RMBS portfolios have limited exposure to loans in ZIP codes that were included in LA County's mandatory evacuation zones, according to Fitch Ratings. Non-prime loans, which have the highest exposure, only account for 1.18% of the outstanding $63.25 billion non-prime/non-QM collateral balance rated by Fitch, said Court Lake, a senior director in Fitch's RMBS team. In total, Fitch rates $275.95 billion worth of private-label securities RMBS portfolios in the U.S.

Fitch identified fifteen deals whose portfolios have exposures of 4%-9% in the mandatory evacuation zones, with the highest being Everbank 2013-01 at 8.66%, Lake said.

Non-prime loans account for 1.18% of the outstanding $63.25 billion non-prime/non-QM collateral balance rated by Fitch.
Court Lake, senior director, RMBS, Fitch Ratings

Although the wildfires are bound to lead to an increase in delinquencies and temporary interest shortfalls to bondholders, a few familiar structural characteristics support eventual repayment, Lake said.

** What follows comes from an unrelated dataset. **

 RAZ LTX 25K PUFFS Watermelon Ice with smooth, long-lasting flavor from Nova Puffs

Interest for all classes—other than AAA—can be deferred. Non-QM loans benefit from strong credit enhancement structures. Other mitigating factors include servicer advancements as well as excess spread which can be used to cover periodic shortfalls or absorb collateral write-downs.

KBRA puts the exposure of its rated RMBS portfolios in ZIP codes affected by the wildfires at 1.3% of current balances.

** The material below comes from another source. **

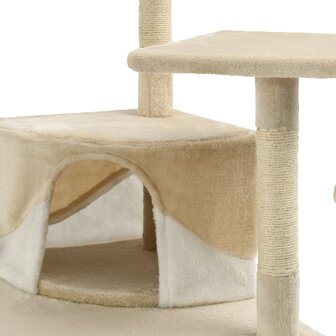 Kattenkrabpaal met sisal krabpalen 203 cm beige en wit 6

"Twenty-four KBRA-rated RMBS transactions out of 637 rated transactions have over 5% exposure to properties located in affected counties," KBRA said in its "KBRA-Rated RMBS Exposure to Los Angeles Wildfires" report.

Analysts believe the vast majority of properties in the wildfire zone have hazard insurance, including coverage for fire and smoke with policies expected to be current due to servicer advancing and force-placed insurance protocols. Following natural disasters, servicers typically support affected borrowers through actions such as postponing foreclosure actions and offering payment assistance.

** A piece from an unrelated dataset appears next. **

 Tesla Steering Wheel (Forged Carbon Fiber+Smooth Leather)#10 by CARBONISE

According to Morningstar DBRS's January 15 report "Los Angeles Area Wildfires Will Cause Record Insured Losses; Solutions to Address Insurability Are Needed", the LA area wildfires are likely to have caused $30 billion in insured losses. "The impact on leading California property insurers is likely to be significant but manageable, given the industry's diversified risk exposures and its access to global reinsurance capacity," the ratings agency said.

Insurance absorbs the blows

While deal structures are living up to their tasks of supporting MBS notes, the mortgage market has another issue that is only expected to worsen. Major insurers had already stopped issuing new policies, while regulators attempted to address affordability and insurability issues. Reinsurance costs are likely to be negatively affected as well, further challenging the ability of primary insurers to provide coverage, Morningstar DBRS said.

While the insurance industry has sufficient resources to cover current estimates of insured claims, the wildfires will significantly drive up the future cost of insurance premiums, according to KBRA.

After stabilization

After the wildfires, there could be some risk of higher premature prepayment of mortgages. There was a notable increase in prepayment speeds for properties damaged by previous California wildfires, compared to properties one to two miles outside the wildfire perimeter, according to "California Wildfires, Property Damage, and Mortgage Repayment", a paper that the Federal Reserve Bank of Philadelphia published in November 2023.

The losses that are reported will be minor and will be disproportionately allocated to the most junior tranches in the RMBS pools.
Ed Reardon, head of securitization research, Deutsche Bank

"There could be a risk of borrowers prepaying loans if their insurance is insufficient to incentivize them to rebuild their homes," said Ed Reardon, Deutsche Bank's head of securitization research. However, given the low exposure of non-QM RMBS collateral to the wildfire ZIP codes, the impact of prepayment speeds is likely to be muted, Reardon said.

"There may be underinsurance, there might be prolonged disputes and legal fees plus other things that will add up to losses," he said. "But I think the losses that are reported will be minor and will be disproportionately allocated to the most junior tranches in the RMBS pools."

Fitch's Lake warned that there could be insurance shortfalls for prime jumbo mortgages with balances of more than $3 million, given that California's FAIR Plan caps benefits at $3 million. This is a syndicated fire insurance pool comprising all licensed P&C insurers in California, which acts as an insurer of last resort for people unable to get coverage. However, prime jumbo mortgage-borrowers are likely to have the financial resources to cover rebuilding costs, Lake said.